For a field as precise and unambiguous as software engineering, we are terrible at agreeing to a single definition of a term. Then that term is given to recruiters who have only the high level, two sentence definition and they have to somehow filter using it on job postings and sites like LinkedIn. The one which has caught my attention recently is DevOps. So, join me as I explore the term, look at the definitions I have come across in the wild, and where it originally comes from.
History Lesson
Where does this magic made up word come from? Wikipedia is pretty light on the history, although it has lots of wonderful details regarding the different facets. Essentially, DevOps, like many practises in software, is something which has developed organically to suit a particular purpose. It is generally considered to have come to the surface in the late 80s or early 90s, meaning that it should be well established.
Whilst I’m not convinced that it is the first or only such story, The Phoenix Project really highlights the importance and difficulty of bringing DevOps to life. The narrative fiction hits home with a lot of developers, we’ve seen different variations of the same nightmare scenarios play out, time and time again. So, I’m going to suggest that perhaps the practises espoused in the book make a good basis for defining what DevOps really is.
What is DevOps?
Etymologically, this is a portmanteau of Development and Operations. Development, traditionally, is the process of turning concepts and ideas into software which can achieve those stated goals. The precise method of writing the software may be agile or not, it doesn’t matter. What matters is that a bunch of code is written — might be tested — which does something. Operations on the other hand, is everything from infrastructure management to customer support and bug reports. Testing may fall into the realm of operations, as it is really about the reliability of the software.
So, when you bring these two things together, you start seeing new practises evolve. From test driven development and domain driven design, to software teams taking on support roles and having oncall rotations. In the most extreme cases, the same team owns the entire stack from the infrastructure to customer support. Going back to The Phoenix Project, the key point of bringing these things together is to speed up delivery without compromising on quality. You might have an infrastructure expert in the team, but they are also involved in design, testing, and implementation of the feature. This collaboration shortens the software development life cycle (SDLC).
DevOps is not a specialisation in infrastructure management. DevOps is not really a stand alone role. DevOps is far more than that. So when you are looking for a DevOps person, or when I say I do backend engineering, with a focus on DevOps, I do not mean I am a database expert, or that I can tell you the details about network engineering. I do have a basis in Infrastructure as Code (IaC), but that is because I know the best way to run the software that I write.

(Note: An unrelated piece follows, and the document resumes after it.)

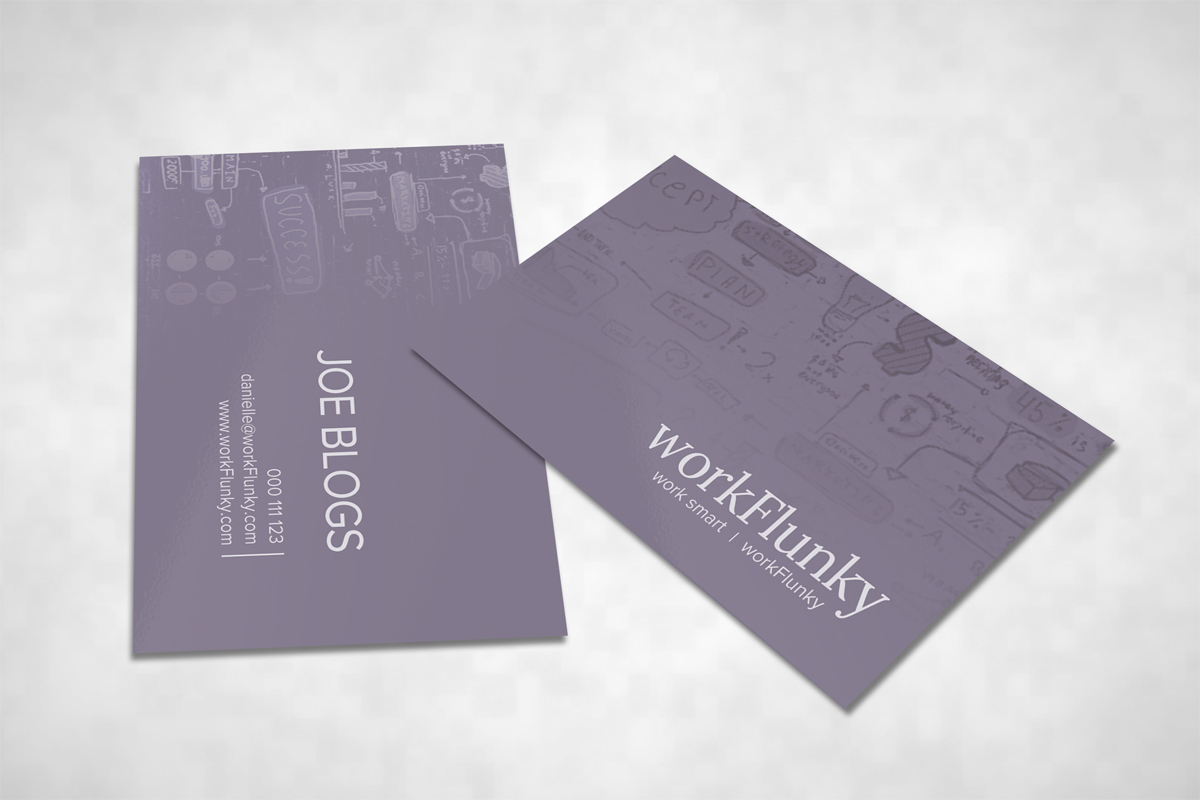 Design de Carte de Visite par diRtY.EMM pour workFlunky | Design #3507592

Instead, my preferred definition of DevOps is this:
a set of practices intended to reduce the time between committing a change to a system and the change being placed into normal production, while ensuring high quality [source]
I asked on LinkedIn how others define DevOps, and I got kind of the answers I was expecting. We need to focus on the process and the practice more than on defining a type of engineer as a DevOps engineer.
Dale gave a second opinion which I really liked:
If you have a DevOps team then you probably should rename them to infrastructure team or something like that, I’ve always assumed that DevOps basically meant the developers were prodding the stuff they deployed too…
Where “prodding” really means “putting the code into production, and making sure it stays usable while there”.
But I might choose to use Candice’s definition next time we need a team building event:
Isn’t it when you get a team of Developers suit them up in kamo, with some paintball guns and force them to take each other on at a local arena?
What does this mean?
Jokes aside, the point here is that there is not a single definition of what DevOps is. It is generally accepted as a principle, and some people will be better at it than others. Just like some people function better in a Scrum atmosphere, and others in Kanban. The basis I want to underline is that any team which has to handle operations — meaning they have an oncall or pager-duty rotation — is doing DevOps. They might also have an infrastructure team who help them set up firewalls (Network engineers are next level superheroes), but they are owning their own bugs. That is what makes you a DevOps team.
Stop being scared of DevOps and telling people you don’t do it. Most teams are now doing DevOps to some extent, we cannot afford the “throw it over the fence” type of shipping which may have worked in the days of software being shipped on a floppy disk. Continuous Integration and Continuous Deployment are here to stay, and your customers definitely want those quick turnaround times. If you want specialists in infrastructure management or DevOps tooling (y’know the cool gitlab stuff), then be precise about it. I am always happy to do extra development work to take the Ops out of DevOps, but don’t tell me you don’t do Devops when your engineers are on an oncall rotation.